The governor appeared on stage after a series of biting skits, performed by reporters, that mocked Mr. Christie for his administration’s role in closing lanes to the George Washington Bridge, his sagging poll numbers in New Jersey and his long odds in the 2016 presidential race.

A sample number: “Nacho Man,” a reference to Mr. Christie’s appetite, sung to the tune of “Macho Man,” and “I’m So Indicted,” an allusion to criminal charges in the bridge case, to the tune of “I’m So Excited.”

Mr. Christie swore, gratuitously and enthusiastically, at least nine times in his speech, rendering many one-liners unprintable in this publication.

At one point, Mr. Christie joked that he was not the “heartless bastard I was portrayed as tonight,” according to the audio recording from the International Business Times.

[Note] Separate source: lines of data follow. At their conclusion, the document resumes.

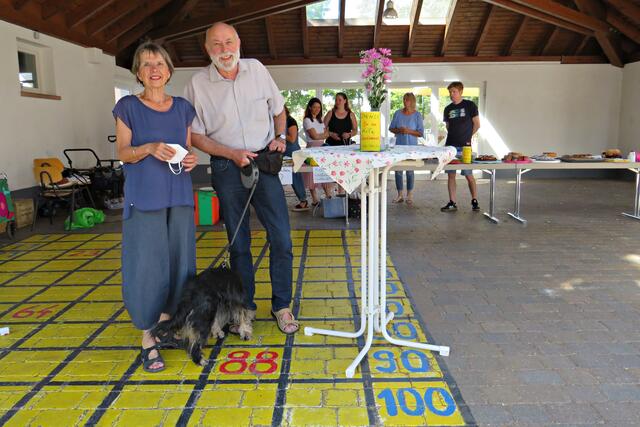 Ehepaar Schmerbach mit Bruno auf dem Weg zu den Gärten | Foto: Brigitte Melder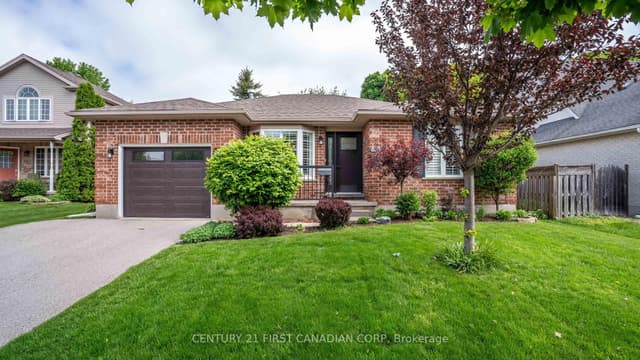 Detached at 839 Guildwood Boulevard, London North, ON N6H 5E4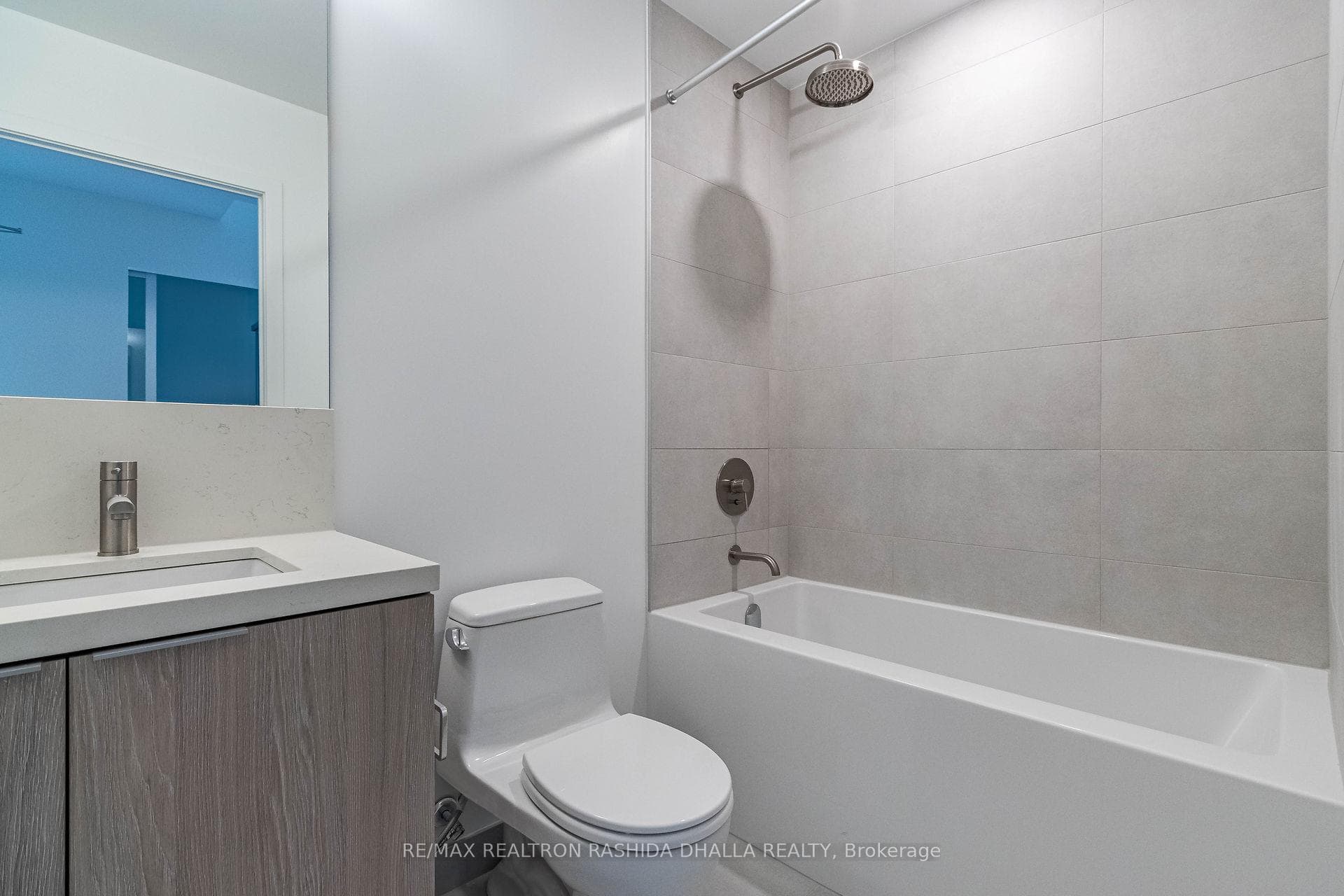 2020 Bathurst Street Unit 736 photo 10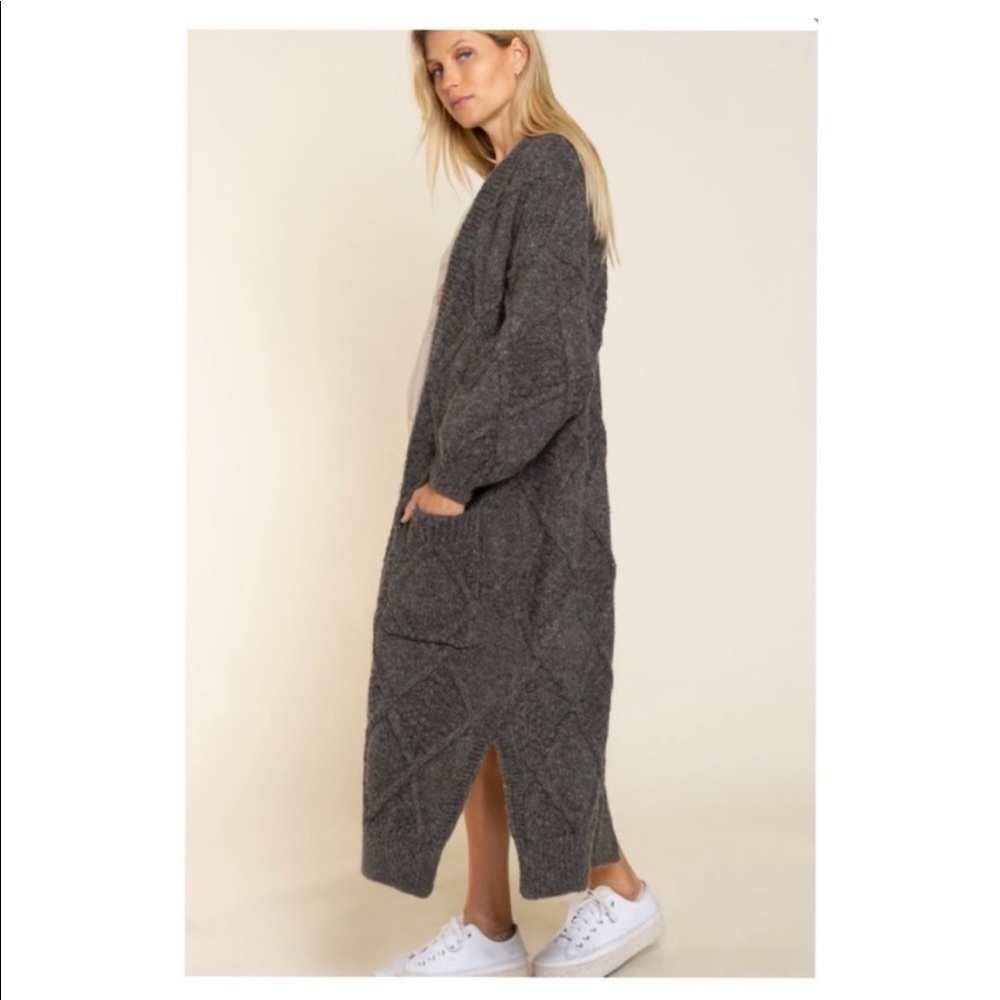 POL brand cardigan, get fall ready! 🍁🍂 - Picture 3 of 6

Mr. Christie told the crowd of reporters that he would by no means return to the dinner in 2016, no matter how badly he was doing in the presidential campaign.

“Anything that gets me off this stage next year,” he said, deploying a curse to describe the stage. “I’m willing to do anything.”

He added: “Why do you think I might run for president?”

He repeatedly told the group that he did not give a darn — about them or the show — but used a more colorful expression.

Recalling an accident that involved one reporter en route to the show, he asked: “Why wasn’t the car bigger and why weren’t YOU in it?”

The crowd of about 300, which included not just journalists but lawmakers, lobbyists operatives and aides, laughed at times and at other times jeered during the governor’s 17-minute speech.

A spokesman for Mr. Christie, Kevin Roberts, described the speech as entirely in line with the spirit and history of the show, which doubles as a charity event. A reporter for The New York Times attended.

“All of the songs and acts of the night, including the governor’s obvious parody of himself, were in jest,” Mr. Roberts said.